Afterwards, the exhibition was shown at the Commercial Exhibition Hall of Osaka Prefecture from October 30 to November 25. The exhibition then re-opened in Tokyo at the facilities of Hōsei University from December 23 to January 6. At that time, it was Yokoyama Taikan’s Metempsychosis (The Wheel of Life) that attracted the most attention. From deep inside the mountains, dew rises from the tip of tree leaves, forming into a gentle current that gathers in the valley and enwraps the scattered villages of people living there, and that in harmony with the flow of the seasons turns into a great river, eventually washing away into the ocean. The lifecycle of these drops of water that form into clouds swirling over the sky, then turn into rain falling back onto the earth, is developed by Taikan over the immense span of a scroll almost 41 meters wide. With a designation as Important Cultural Property, it is one of the major works of an artist equally recognized for his works in brilliant color as for his mastery of ink.
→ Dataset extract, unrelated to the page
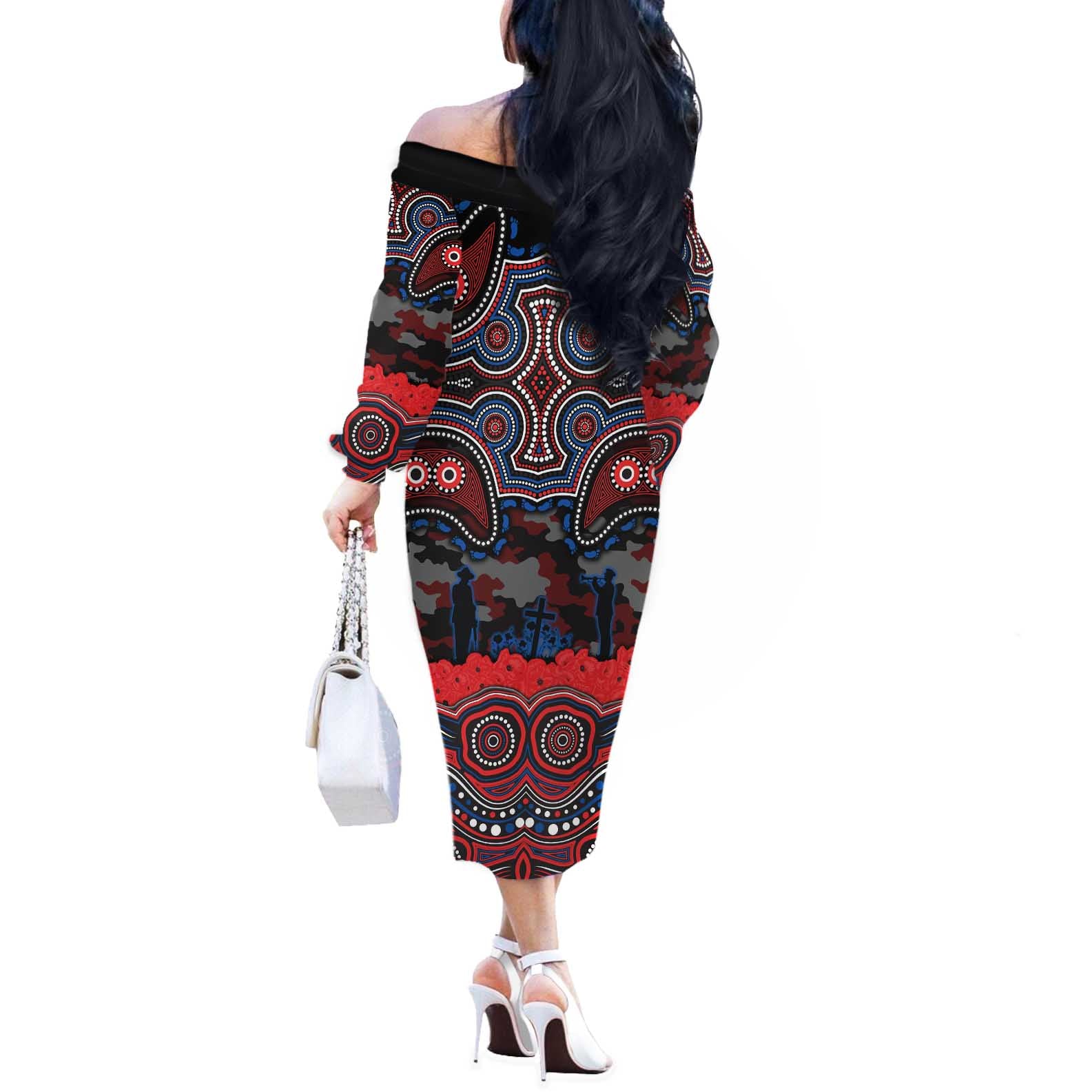 ANZAC Day Newcastle Knights Off The Shoulder Long Sleeve Dress Military Memorial Aboriginal Indigenous Art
The present work, done in the late Taisho era around the same time as Metempsychosis, likewise embodies Taikan’s ample skill in ink painting. The eye of the viewer is naturally guided from foreground to background through a layering of mountain contours that rely on the changes in ink gradation to produce the effect of a spring night, with the faint glistening of the full moon barely permeating the hazy skies. Accentuating with lightly done areas in the right and left of the lower half of the image, the artist implies the height of the mountains and the expanse of the plains at their feet, inviting the viewer’s gaze to enter more deeply into the mountains. At first glance, Spring Night is easily mistaken for a work of the same title that Taikan exhibited together with Quail and Evening Faces at the Second Tankōkai Exhibition of November 1925, but the contour of the mountain on the right and the position of the signature are different. Taikan may have painted the same composition repeatedly, as is the case with the splendidly colored pair of six-panel folding screens Kōyō, or the hanging scroll A Forlorn Wind Blows Over the Cold Yi River (often seen as a reflection on Taikan’s departure from the Japan Art Institute). Therefore it seems probable that the present work dates to around the same time as the work shown at the Tankōkai.
Nihonga painter from Ibaraki. Taikan was a disciple of Okakura Tenshin and Hashimoto Gaho. He assisted Tenshin in founding the Nihon Bijutsuin (Japan Art Institute), and counts as one of its most important members. Taikan was a jury member of the Bunten (Ministry of Education Art Exhibition), and exerted an influential role on modern nihonga from the Meiji to postwar eras. He was appointed an Imperial Court Artist, and designated as a Person of Cultural Merit. Taikan also received the Order of Culture.